Yoma Strategic Holdings, a Myanmar conglomerate owned by tycoon Serge Pun involved in banking and other consumer industries, is also interested in acquiring a stake in Telenor Myanmar, Financial Times reported.
Together with Telenor Group, Yoma Strategic Holdings and Yoma Bank—both of which are affiliated with Serge Pun—run the mobile financial services business Wave Money. Telenor has a 51-percent stake in the business with Yoma Strategic Holdings holding 44 percent and Yoma Bank 5 percent.
M1, an investment firm owned by the family of Lebanese Prime Minister Najib Mikati, is in advanced talks about a partnership with at least one Myanmar company, Shwe Byain Phyu Group, which has interests in petrol stations and gem mining, Reuters has reported.
Swe Byain Phyu’s chairman, Thein Win Zaw, is a director of Mahar Yoma Public Company, part of a consortium that has a stake in military-owned telecom operator Mytel.
“As IGE Group is currently engaged in telecommunications services, it is more interested than other companies in purchasing Telenor Myanmar,” a director of a local telecom company told The Irrawaddy.
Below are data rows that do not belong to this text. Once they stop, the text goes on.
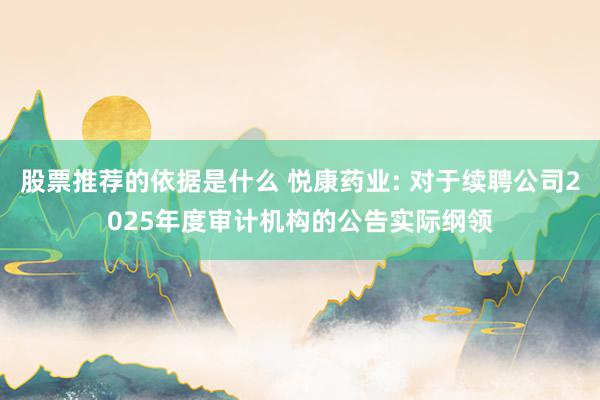 股票推荐的依据是什么 悦康药业: 对于续聘公司2025年度审计机构的公告实际纲领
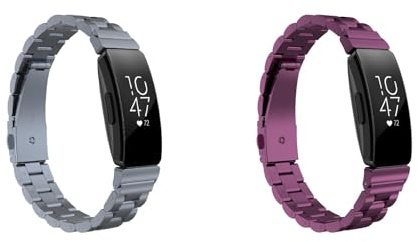 Metallarmband Kompatibel mit Fitbit Inspire/Inspire HR Armbänder, Metall Ersatzarmband Wasserdicht Edelstahl Replacement Armband Zubehör Uhrenarmband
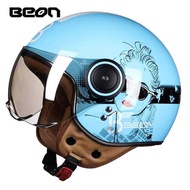 Motorcycle 3/4 Open Face Vintage Casco Men Retro Summer Scooter Motorbike Riding Helmet Casque Moto 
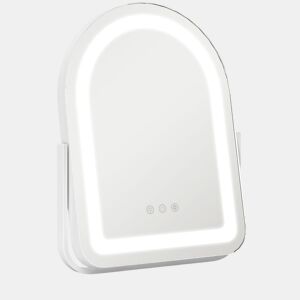 HOMCOM Espelho de Maquilhagem com Luz LED Espelho de Tocador Giratório com 3 Modos de Iluminação Ajustáveis Interruptor Tátil Rotação Regulável de 360° e Função de Memória 33x44,5x12 cm Branco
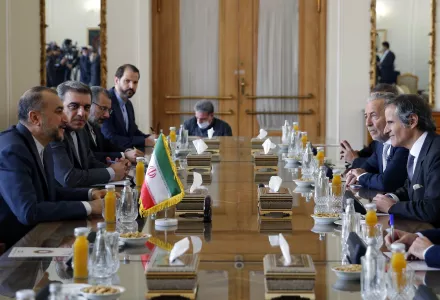 Iranian Foreign Minister Hossein Amirabdollahian, left, speaks with International Atomic Energy Organization, IAEA, Director General Rafael Mariano Grossi, right, during a round of talks in Tehran, Saturday, March 4, 2023. 
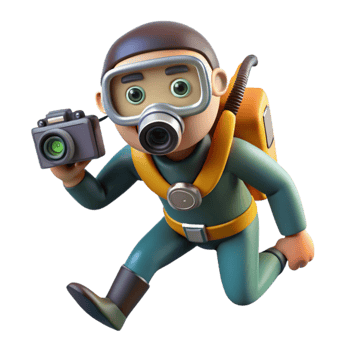 extraordinary modern Diver with Underwater Camera Isolated Side Angle detailed png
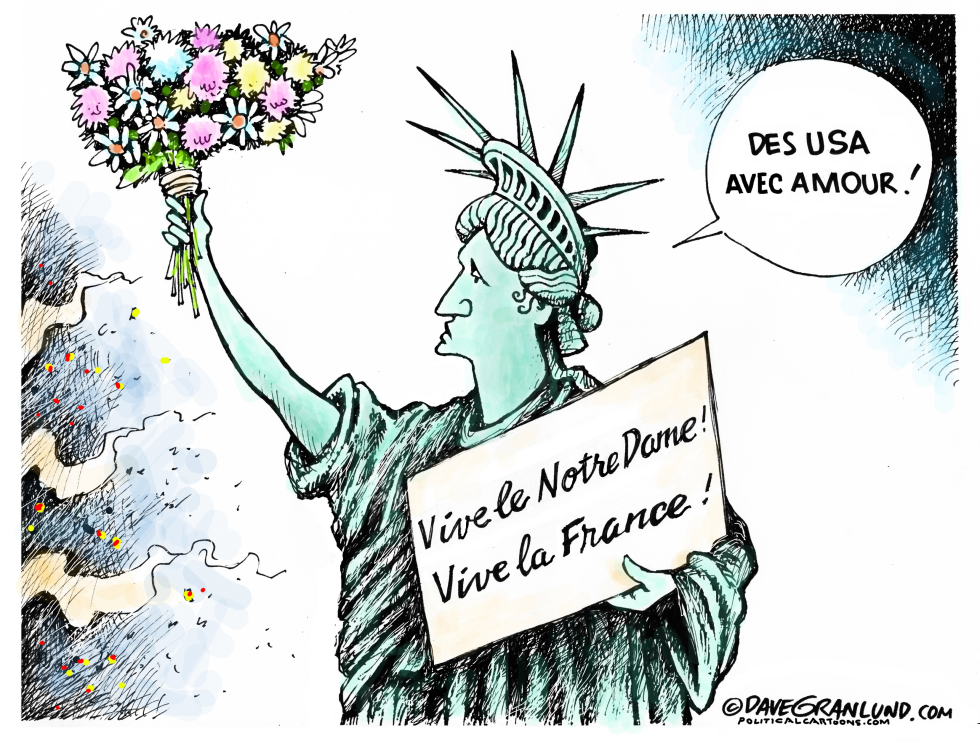  NOTRE DAME BURNS by Dave Granlund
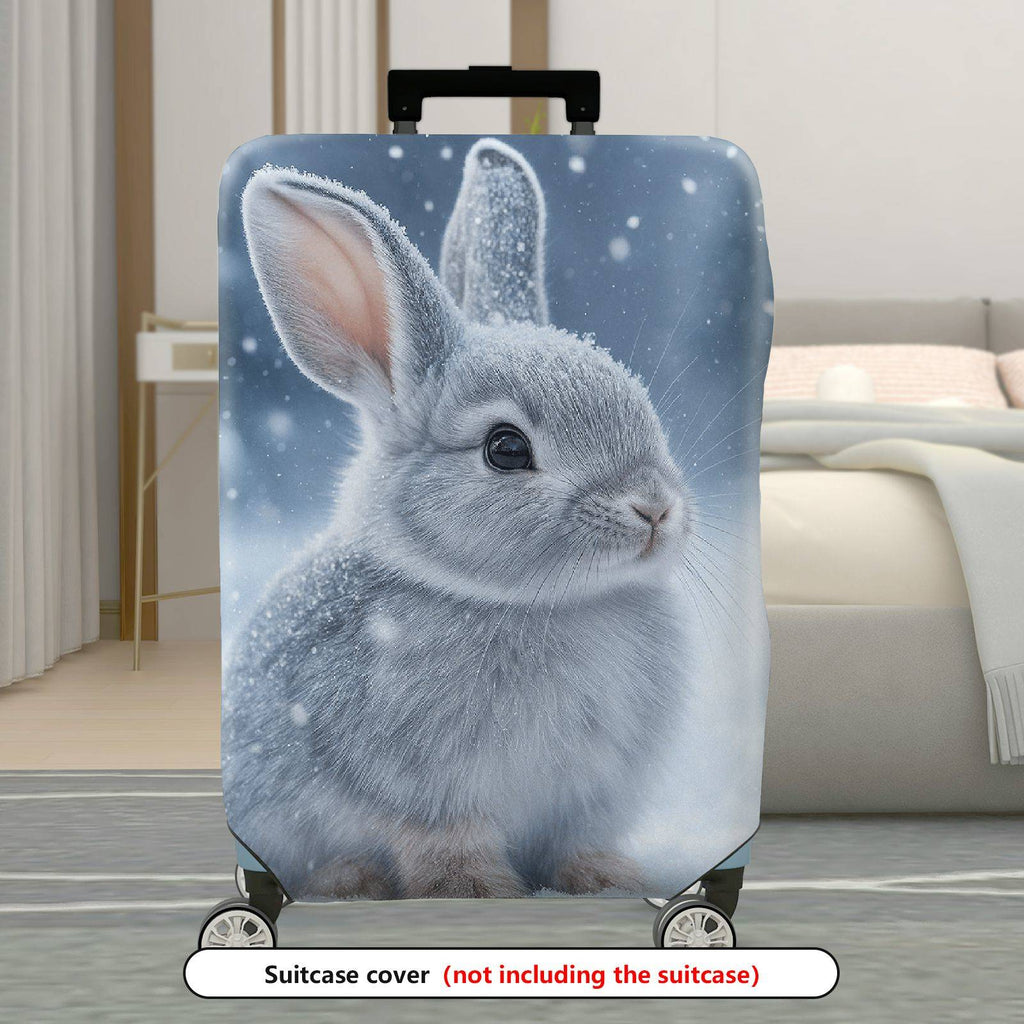 1-Piece Cute Rabbit Snow Winter Nature Animal  Suitcase Luggage Cover, Stretch Protective Sleeve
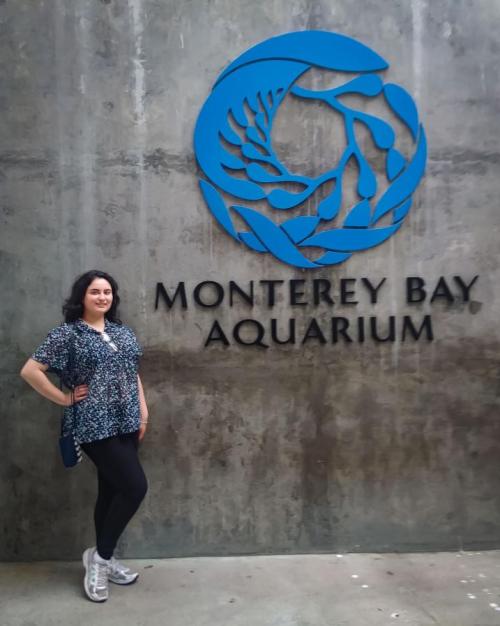 woman outside Monterey Aquarium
He suggested a consortium of local businesses rather than a single business is likely to purchase Telenor Myanmar because it needs a huge amount of investment to run a telecommunications service.
Amara Communications Co. Ltd. is interested in acquiring a stake in Telenor Myanmar if the opportunity arises, U Myint Ko Ko, head of legal and regulatory at Amara Communications, told The Irrawaddy.
However, he added, “Even if we have a chance to acquire and operate it, we won’t if its operation could impact the privacy of the public, or if the concession is not transparent,” he told The Irrawaddy.
He said it was currently difficult to confirm whether Amara Communications could buy a stake in Telenor Myanmar, because the Ministry of Transport and Communications has not yet made an official decision.
A person at KT Group who took The Irrawaddy’s call declined to answer questions.
Telenor said it is waiting for a formal response from the junta-controlled Ministry of Transport and Communications to its request to sell its Myanmar unit to M1. Ministry officials declined to comment when asked by The Irrawaddy if the regime is pressuring the Norwegian telecom operator into selling its Myanmar business to local companies.
There is no existing law in Myanmar regulating what sort of companies a telecom operator can or cannot sell its business to, said a former senior executive from a telecom operator.
“They might invite bids just to show that there is transparency in the process. But there are many ways to make the tender under the table,” he said.
Telenor Group might come under greater pressure from international human rights agencies if it sells its business to companies with links to Myanmar’s military, he said.
When Telenor and Qatar’s Ooredoo were granted telecom operator licenses in 2013, nationalist and anti-Muslim groups called for a boycott of Ooredoo, warning that such a sensitive sector should not be sold to a company based in an Islamic country.
The military regime might prefer a joint venture between a foreign firm and Myanmar companies as it can be technically challenging for local firms to operate telecom services alone.
Apart from Telenor and Ooredoo, two other telecom operators in Myanmar are joint ventures between local and foreign businesses: MPT is a joint venture between state-owned Myanma Posts and Telecommunications and Japanese firms KDDI Corporation and Sumitomo Corporation; and Mytel is a joint venture between Vietnamese military-run Viettel, Myanmar military-run Star High Public Co. Ltd. and Myanmar National Telecom Holding, which is a consortium of 11 local companies.